Convoque-se, para o efeito, o entendimento de Jorge Lopes de Sousa, que perfilhamos e que postula: “deverá haver um perigo logicamente fundamentado, uma probabilidade séria, de que venha a ocorrer uma situação em que quem deve pagar a dívida (seja executado, responsável subsidiário, solidário ou sucessor) ficar com património insuficiente para pagamento dos créditos fiscais e acrescido ou de que venha a ocultar ou alienar bens” [v. Código de Procedimento e de Processo Tributário, 2011, volume II, Áreas Editora, pp. 577-578].



Sendo que, “[o] justo receio de perda da garantia patrimonial do crédito equivale ao justo receio de insolvência, cujo traço característico é a impossibilidade em que o devedor se encontra de solver os seus compromissos, impossibilidade resultante, naturalmente, do facto de o passivo ser superior ao ativo; o devedor ainda não está insolvente, mas caminha para essa situação; há factos e circunstâncias que tornam legítima a suspeita de que está eminente a insolvência do devedor” [vide Acórdão do TRL de 13-01-2011, proferido no Processo nº 2677/08.0TVLSBA.L1].
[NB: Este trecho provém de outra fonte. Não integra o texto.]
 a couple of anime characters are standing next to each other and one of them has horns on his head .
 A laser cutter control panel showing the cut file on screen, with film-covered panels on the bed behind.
No arresto, para a alegação e comprovação do justo receio ou justificado receio de perda de garantia patrimonial “tem-se entendido, tanto no campo jurisprudencial como na doutrina, que não basta o receio meramente subjetivo, porventura exagerado do credor (ou baseado em meras conjeturas), de ver insatisfeita a prestação a que julga ter direito, antes, há-de esse receio assentar em factos concretos que o revelem à luz de uma prudente apreciação, isto é, terá que se alicerçar nas circunstâncias e factos demonstrados, segundo
uma avaliação dependente das regras da experiência comum”. [cf. Acórdão do TRC, de 28.06.2017, proferido no processo nº 9070/16.9 T8CBR.C1].
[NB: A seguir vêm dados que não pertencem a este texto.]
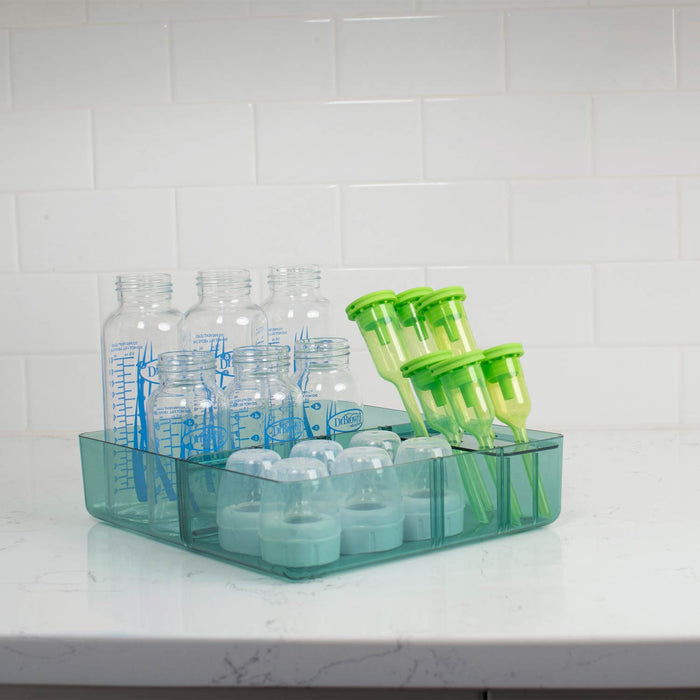 Storage tray with baby bottles and containers on a kitchen counter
Saliente-se ainda, que nos termos do nº 5 artigo 136º do CPPT, o fundado receio da diminuição de garantia de cobrança de créditos tributáveis se presume no caso de dívidas por impostos que o devedor ou responsável esteja obrigado a reter ou a repercutir a terceiros, o que, in casu, tratando-se de IVA e retenções na fonte, desde já, se afirme que se operacionaliza a presunção legal.
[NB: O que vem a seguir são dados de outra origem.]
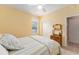 This bedroom has yellow walls and a twin bed, and is adjacent to the bathroom at 8961 Se 130Th Loop, Summerfield, FL 34491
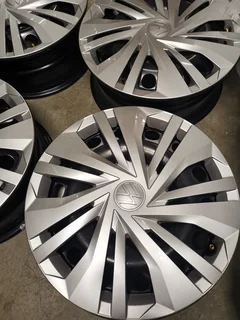 Brand new Set of OEM VW 16inch steel Rims with Hub Caps - R1200 per Set of 4 rims and 4 hubs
No caso em apreço, é indubitável que o receio do credor se justifica face aos factos apurados e nos quais sustenta a sua pretensão, demonstrando-se, por isso, inequivocamente, o fundado receio da dissipação do património, ou seja, o periculum in mora.

Recuperamos a síntese efetuada pela ERFP que transcrevemos:

“Em jeito de síntese, para além do supra explanado, dir-se-á que os factos índice do risco manifesto e evidente de inadimplência que concorrem no caso vertente, e que preenchem o vetor do periculum in mora, são os seguintes:
- O Valor (elevado) devido pelo devedor principal e único, o aqui Requerido, como pessoa singular que é superior a € 320.633 se se tiver em conta os juros devidos;
- O Requerido “é responsável por manobras fraudulentas ou de incumprimento grave e reiterado das obrigações fiscais.” (cfr. doc. 1 em anexo)
- O risco de o Requerido se tornar insolvente (insolvência de pessoa singular).
- Existência de bens situados no estrangeiro fora do âmbito de atuação direta da Administração Tributária Francesa.”

Acresce que, as ações judiciais encetadas contra a sociedade S………SI............., foram ineficazes ou produziram resultados modestos [cf. alínea C) do probatório].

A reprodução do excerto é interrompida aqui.